Staatscommissie-'s Jacob/Van Walsum

Op 21 mei 1946 stelde het kabinet-Schermerhorn per koninklijk besluit de Staatscommissie voor de Zaken van de Erediensten in. De commissie moest onderzoek doen naar de financiële verhoudingen tussen kerkgenootschappen en staat. Hierbij moest ze bezien of aanpassing van de Grondwet op dat punt wenselijk was.

De commissie bracht in 1953 weliswaar al adviezen uit, maar pas op 22 februari 1967 een eindverslag. De commissie vergaderde vooral tussen 1965 en 1967 (19 van de 38 vergaderingen). Ze adviseerde onder meer om de regeling over de financiële verhoudingen uit de Grondwet te halen en hier een nieuwe wettelijke regeling voor in de plaats te laten komen.

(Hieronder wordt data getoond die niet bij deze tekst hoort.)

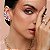 Brinco Banhado Ear Cuff Com Cristais Rosa e Lilás - Imagem 2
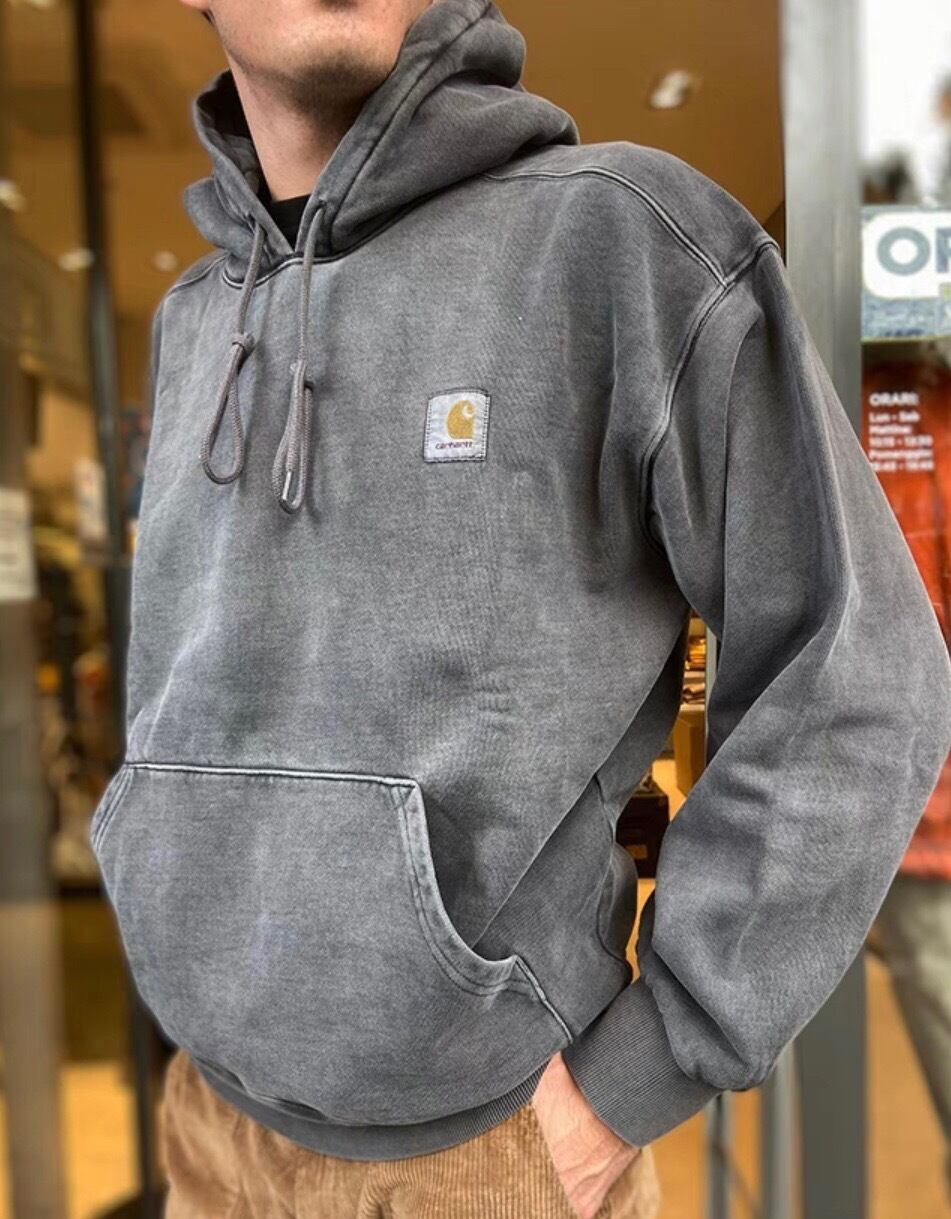 [カーハート] HOODED NELSON SWEAT ダブリューアイピー フード付 スウェット 黒色 ブラック メンズ パーカー 1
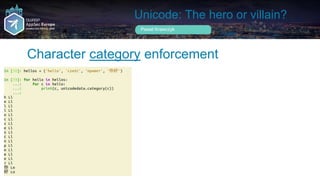 Unicode  the hero or villain  Slide 60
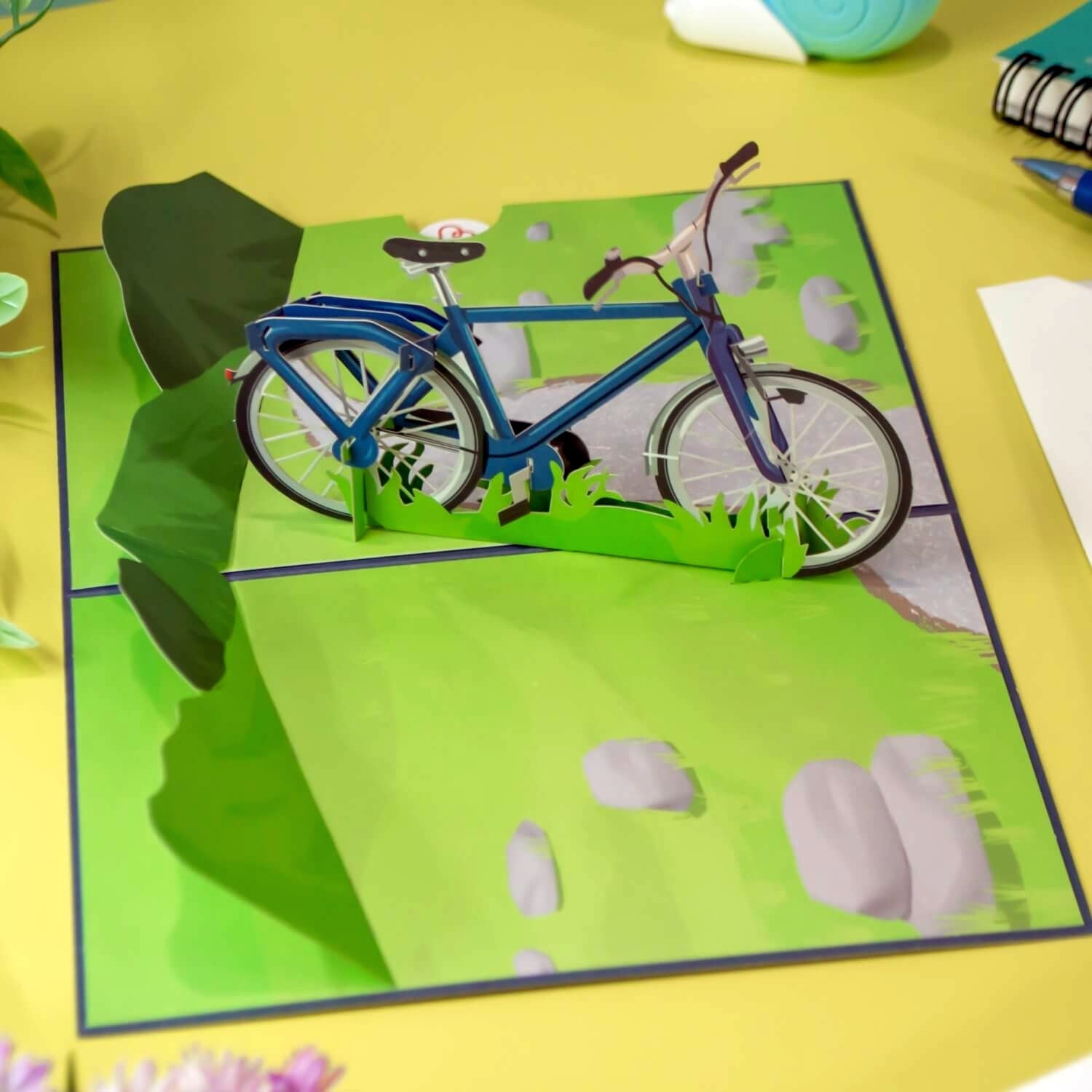 Biglietto pop-up per bicicletta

De regering nam dit advies over wat uiteindelijk in 1972 leidde tot een Grondwetsherziening.

Inhoudsopgave van deze pagina:


1.

Aanleiding

Artikel 185, waarin de financiële staatssteun aan kerkgenootschappen was geregeld, was afkomstig uit 1815. Omdat de omstandigheden en de plaats van de kerkgenootschappen in de maatschappij sindsdien sterk veranderd waren, was er behoefte aan een herziening van dit Grondwetsartikel.

2.

Samenstelling

naam

functie(s)

periode

partij

mr. H.L. s'Jacob

secretaris-generaal van het ministerie van Financiën, minister van Oorlog en Marine (voorzitter)

tot oktober 1958

CHU

mr. G.E. van Walsum

burgermeester van Rotterdam (voorzitter)

vanaf oktober 1958

PvdA

J.­ ­Bakker

raadadviseur ministerie van Financiën

tot februari 1958

 

prof.dr. P.P. van Berkum

hoogleraar economie, Katholieke Economische Hogeschool in Tilburg

tot februari 1959

 

dr. J. Donner

president van de Hoge Raad der Nederlanden (1946-1961), lid deputaten Gereformeerde Kerken

 

ARP

dr. K.H.E. Gravemeijer

predikant, secretaris Algemene Synodale Commissie, Nederlandse Hervormde Kerk

tot februari 1953

 

dr. W.F. Lichtenauer

lid Eerste Kamer

sinds september 1963

CHU

prof.mr. J.J. Loeff

juridisch adviseur Nederlands episcopaat, buitengewoon hoogleraar in Tilburg

   

O.W. Vos

hoofd directie financieringen en coördinatie oorlogsschade, ministerie van Financiën

sinds februari 1958

 

prof.dr. F. de Vries

hoogleraar economie Gem. Universiteit van Amsterdam, vicevoorzitter commissie predikantstraktementen

overleden 15 juni 1958

 

H.M.J. Wagenaar

directeur Raad voor Predikantstraktementen, Nederlandse Hervormde Kerk

sinds februari 1958

 

H.J.F. Wesseldijk

predikant, secretaris Generale Financiële Raad, Nederlandse Hervormde Kerk

sinds februari 1953

 

mr. F.M. Westerouen van Meeteren

voorzitter Commissie tot de zaken der Remonstrantse Broederschap

sinds september 1963

 

3.

Opdracht

In 1946 stond in artikel 178 (vanaf 1963: artikel 185) van de Grondwet dat verschillende christelijke godsdienstige groeperingen verzekerd waren van financiële staatssteun. De opdracht aan de staatscommissie was om te onderzoeken of dit artikel behouden moest blijven.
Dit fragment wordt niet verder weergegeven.